Dominique Pelicot, que reconhece os fatos e se esforçou durante o julgamento para desmantelar as defesas dos outros acusados, enfrenta uma pena máxima de 20 anos de prisão. A promotoria iniciou suas alegações finais com o caso dele.

A maioria dos outros acusados, com idades entre 26 e 74 anos, também enfrenta penas de até 20 anos de prisão por estupro agravado, embora muitos tenham argumentado que pensavam estar participando de um jogo sexual de um casal "libertino".

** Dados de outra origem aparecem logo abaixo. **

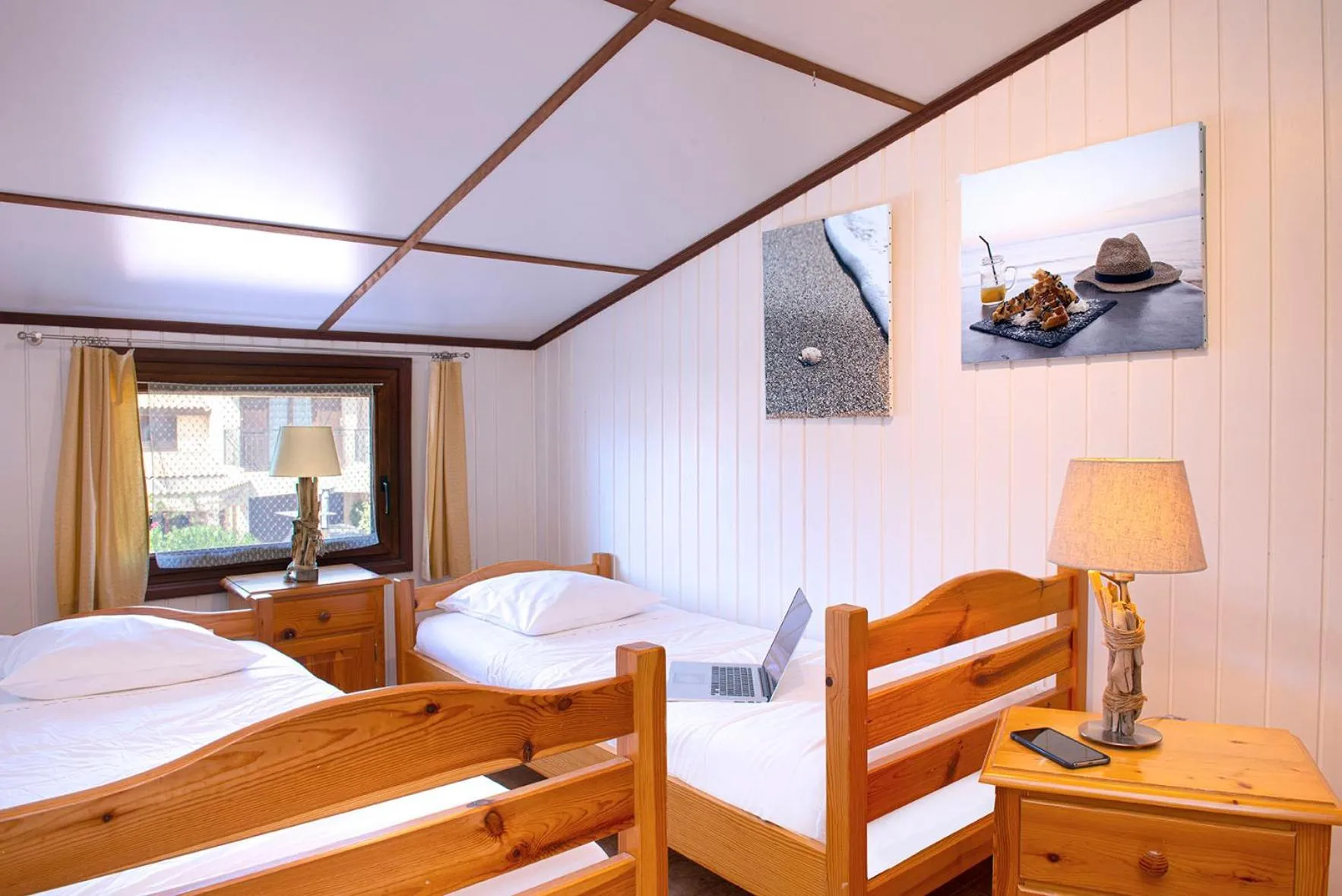 Bedroom, Bed in Les Tamaris et Les Portes du Soleil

Este julgamento de grande repercussão esteve muito presente nas manifestações realizadas no último fim de semana na França, onde milhares de pessoas denunciaram a violência contra as mulheres e exigiram o fortalecimento das leis para preveni-la.

"Infelizmente, muitos homens veem isso como um simples caso sórdido, mas nada além disso", lamentou Bernadette Teyssonnière, de 69 anos, que chegou cedo na manhã de segunda-feira ao Palácio de Justiça de Avignon para assistir ao julgamento.

Sua repercussão também é mundial. Diante do presidente francês Emmanuel Macron, a presidente da Câmara dos Deputados, Karol Cariola, elogiou na quinta-feira a "coragem e dignidade" de Gisèle, uma "cidadã comum" que deu "uma lição para o mundo".